What is required:
From the line that contains "Hombre con dolares neozelandeses en la mano" down to the last line of the entries, repeat every line exactly. Do not carry over the pictures.
Start of Supplied records
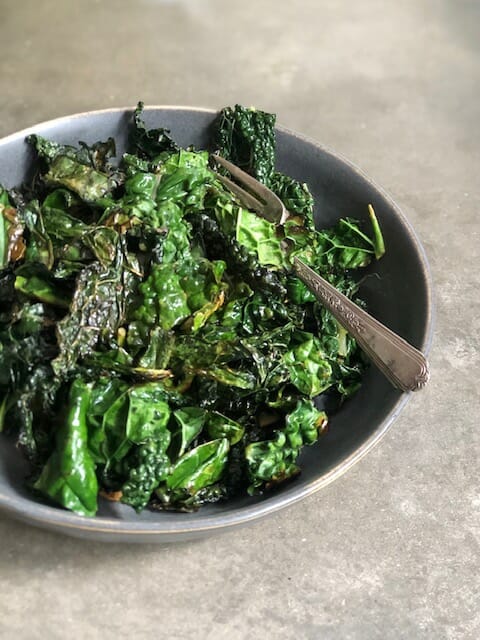 Sautéed kale in a bowl with a fork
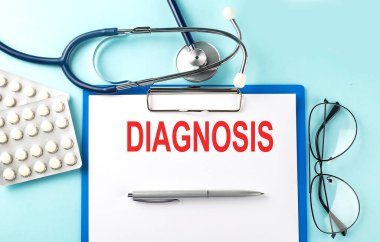Paper with text DIAGNOSIS on blue background with stethoscope and pills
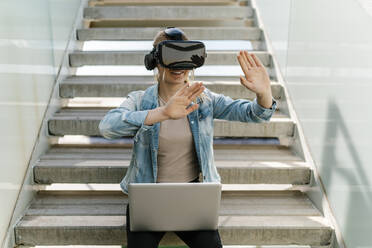 Woman with laptop gesturing while watching video through virtual reality simulator on steps - EGAF02085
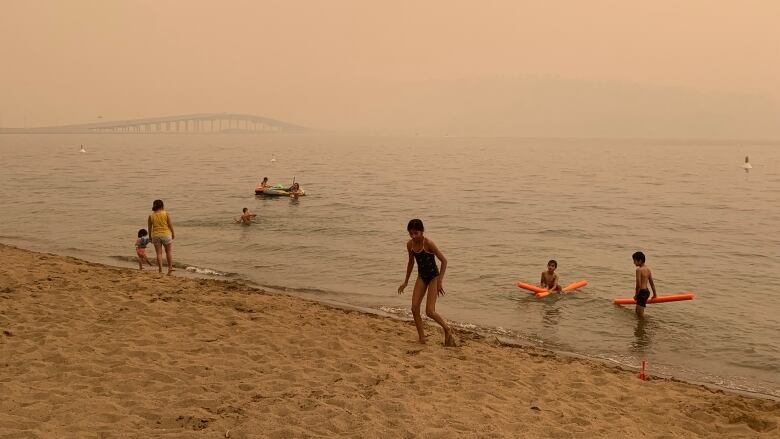 Children play on the Hot Sands Beach in downtown Kelowna, B.C., near the Okanagan Lake with low visibility of William R. Bennett Bridge amid heavy wildfire smoke on July 30, 2021.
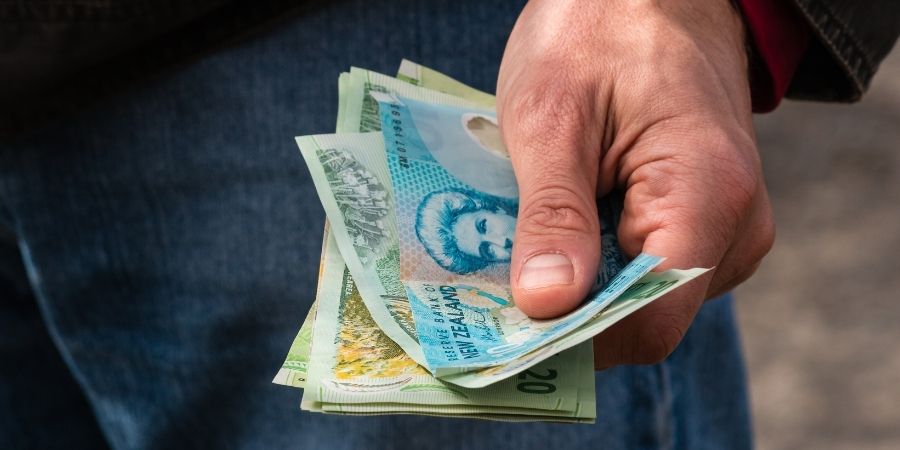 Hombre con dolares neozelandeses en la mano
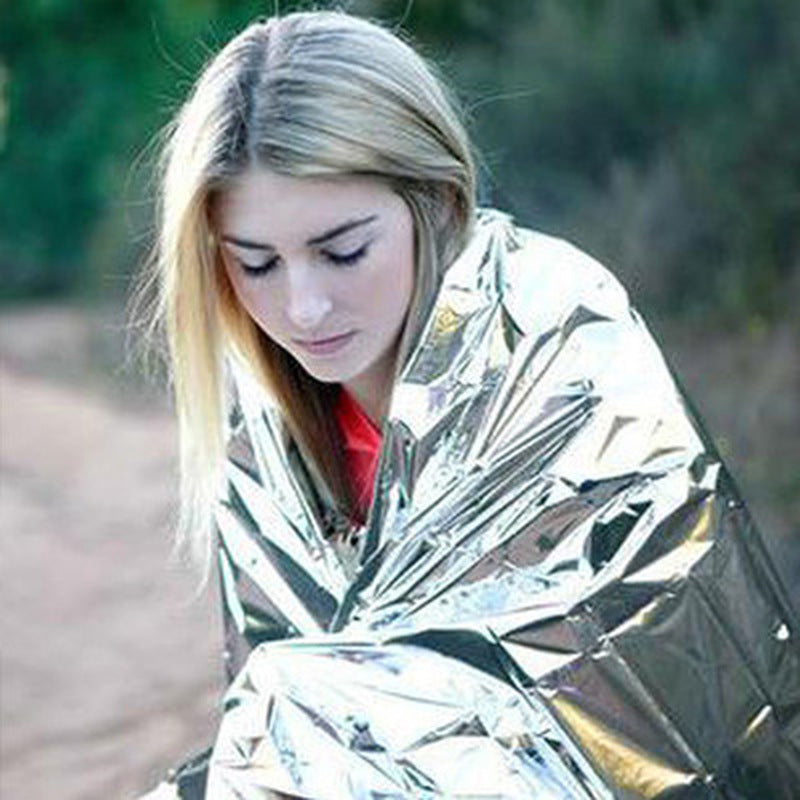 Web Based Human Body Hypothermia Lifesaving Emergency Blanket In Outdoor Field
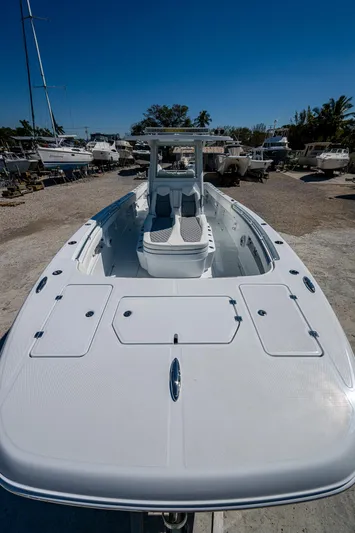  Yacht Photos Pics 2025 Invincible 33 Catamaran, sleek design, docked under clear blue sky.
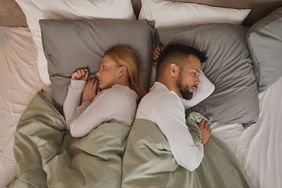 Female/male couple in bed lying back to back, awake. Bedding is green, white, and grey. Both people are wearing long sleeve white t shirts 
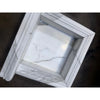 Handmade white marble shampoo niche with veined surface and recessed molding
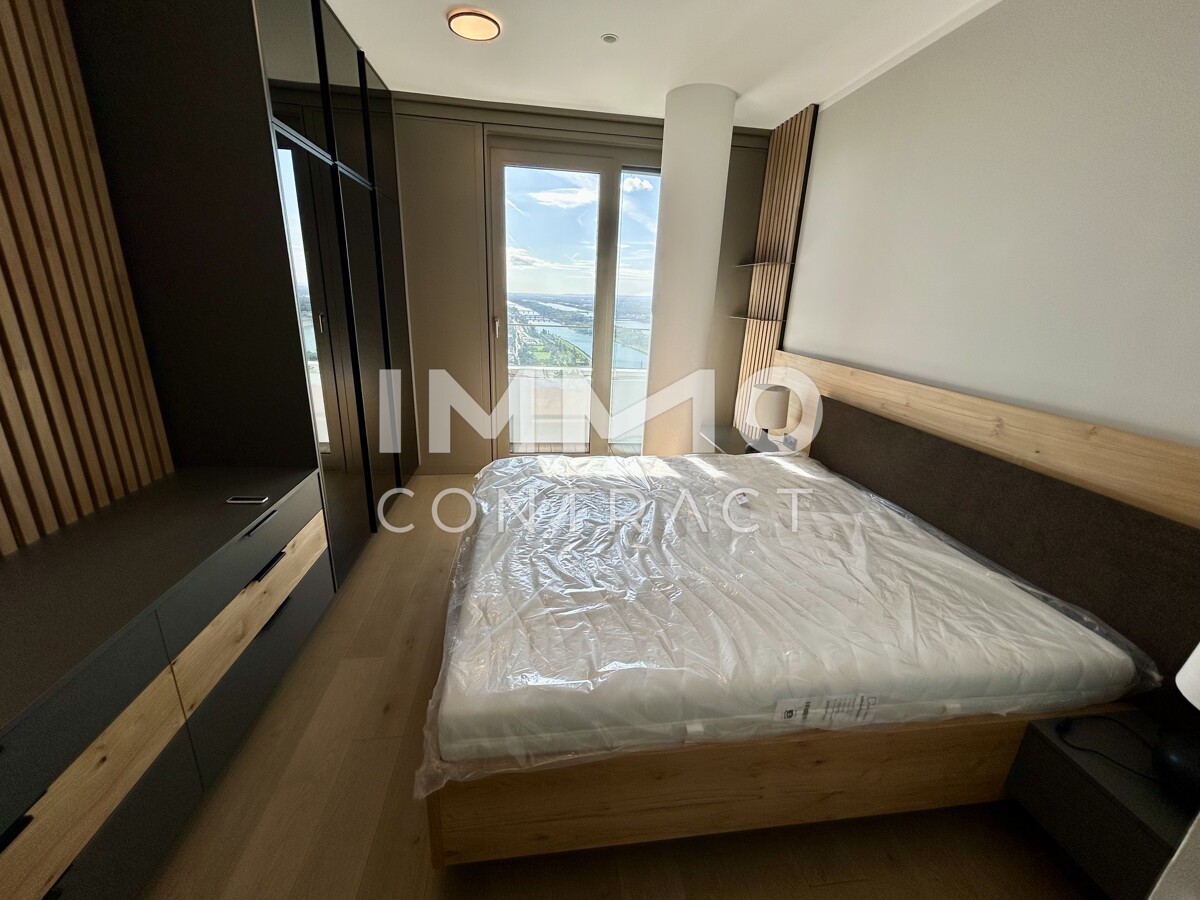 Mbliertes Apartment im 42. Stock mit Weitblick auf die Donau! Pool, Spa und Fitness inklusive! /  / 1220 Wien / Bild 0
End of Supplied records
Exercise result:
 Hombre con dolares neozelandeses en la mano
 Web Based Human Body Hypothermia Lifesaving Emergency Blanket In Outdoor Field
  Yacht Photos Pics 2025 Invincible 33 Catamaran, sleek design, docked under clear blue sky.
 Female/male couple in bed lying back to back, awake. Bedding is green, white, and grey. Both people are wearing long sleeve white t shirts 
 Handmade white marble shampoo niche with veined surface and recessed molding
 Mbliertes Apartment im 42. Stock mit Weitblick auf die Donau! Pool, Spa und Fitness inklusive! /  / 1220 Wien / Bild 0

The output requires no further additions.